--- DATASET EXCERPTS Enclosed Below ---
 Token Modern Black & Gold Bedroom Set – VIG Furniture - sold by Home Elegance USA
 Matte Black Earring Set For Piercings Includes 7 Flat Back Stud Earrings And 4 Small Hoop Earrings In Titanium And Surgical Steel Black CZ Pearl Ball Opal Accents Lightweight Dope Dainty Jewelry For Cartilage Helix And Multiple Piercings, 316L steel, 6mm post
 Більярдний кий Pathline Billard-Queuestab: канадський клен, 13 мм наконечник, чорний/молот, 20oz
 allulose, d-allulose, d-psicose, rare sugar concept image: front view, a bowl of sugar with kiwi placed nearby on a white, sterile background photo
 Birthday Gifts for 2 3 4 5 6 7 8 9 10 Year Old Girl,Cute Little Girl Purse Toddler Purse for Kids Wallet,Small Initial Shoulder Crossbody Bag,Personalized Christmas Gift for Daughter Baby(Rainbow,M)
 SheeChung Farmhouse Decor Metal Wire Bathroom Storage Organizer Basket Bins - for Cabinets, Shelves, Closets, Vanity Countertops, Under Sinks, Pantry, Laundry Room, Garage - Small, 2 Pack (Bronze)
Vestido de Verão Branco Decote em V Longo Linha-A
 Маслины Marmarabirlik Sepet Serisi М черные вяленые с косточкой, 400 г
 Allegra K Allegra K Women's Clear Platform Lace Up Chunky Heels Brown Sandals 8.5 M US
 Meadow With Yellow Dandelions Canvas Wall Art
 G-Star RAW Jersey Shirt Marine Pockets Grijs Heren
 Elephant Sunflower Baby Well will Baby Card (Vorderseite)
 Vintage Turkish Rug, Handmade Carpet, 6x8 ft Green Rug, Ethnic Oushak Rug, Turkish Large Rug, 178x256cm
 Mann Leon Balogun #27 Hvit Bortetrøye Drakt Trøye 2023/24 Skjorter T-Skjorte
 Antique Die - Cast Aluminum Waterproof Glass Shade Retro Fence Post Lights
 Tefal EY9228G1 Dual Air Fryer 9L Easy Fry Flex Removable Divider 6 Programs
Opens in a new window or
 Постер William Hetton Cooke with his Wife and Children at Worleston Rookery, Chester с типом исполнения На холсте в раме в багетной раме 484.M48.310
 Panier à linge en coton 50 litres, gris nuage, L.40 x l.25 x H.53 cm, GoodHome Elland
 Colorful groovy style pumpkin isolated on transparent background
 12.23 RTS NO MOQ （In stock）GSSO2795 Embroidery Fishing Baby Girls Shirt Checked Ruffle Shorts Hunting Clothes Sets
--- End of Enclosed DATASET EXCERPTS ---
| WHAT IS BEING ASKED |
Write out the whole listing once more, exactly as it reads.

| TASK OUTPUT |
 Token Modern Black & Gold Bedroom Set – VIG Furniture - sold by Home Elegance USA
 Matte Black Earring Set For Piercings Includes 7 Flat Back Stud Earrings And 4 Small Hoop Earrings In Titanium And Surgical Steel Black CZ Pearl Ball Opal Accents Lightweight Dope Dainty Jewelry For Cartilage Helix And Multiple Piercings, 316L steel, 6mm post
 Більярдний кий Pathline Billard-Queuestab: канадський клен, 13 мм наконечник, чорний/молот, 20oz
 allulose, d-allulose, d-psicose, rare sugar concept image: front view, a bowl of sugar with kiwi placed nearby on a white, sterile background photo
 Birthday Gifts for 2 3 4 5 6 7 8 9 10 Year Old Girl,Cute Little Girl Purse Toddler Purse for Kids Wallet,Small Initial Shoulder Crossbody Bag,Personalized Christmas Gift for Daughter Baby(Rainbow,M)
 SheeChung Farmhouse Decor Metal Wire Bathroom Storage Organizer Basket Bins - for Cabinets, Shelves, Closets, Vanity Countertops, Under Sinks, Pantry, Laundry Room, Garage - Small, 2 Pack (Bronze)
Vestido de Verão Branco Decote em V Longo Linha-A
 Маслины Marmarabirlik Sepet Serisi М черные вяленые с косточкой, 400 г
 Allegra K Allegra K Women's Clear Platform Lace Up Chunky Heels Brown Sandals 8.5 M US
 Meadow With Yellow Dandelions Canvas Wall Art
 G-Star RAW Jersey Shirt Marine Pockets Grijs Heren
 Elephant Sunflower Baby Well will Baby Card (Vorderseite)
 Vintage Turkish Rug, Handmade Carpet, 6x8 ft Green Rug, Ethnic Oushak Rug, Turkish Large Rug, 178x256cm
 Mann Leon Balogun #27 Hvit Bortetrøye Drakt Trøye 2023/24 Skjorter T-Skjorte
 Antique Die - Cast Aluminum Waterproof Glass Shade Retro Fence Post Lights
 Tefal EY9228G1 Dual Air Fryer 9L Easy Fry Flex Removable Divider 6 Programs
Opens in a new window or
 Постер William Hetton Cooke with his Wife and Children at Worleston Rookery, Chester с типом исполнения На холсте в раме в багетной раме 484.M48.310
 Panier à linge en coton 50 litres, gris nuage, L.40 x l.25 x H.53 cm, GoodHome Elland
 Colorful groovy style pumpkin isolated on transparent background
 12.23 RTS NO MOQ （In stock）GSSO2795 Embroidery Fishing Baby Girls Shirt Checked Ruffle Shorts Hunting Clothes Sets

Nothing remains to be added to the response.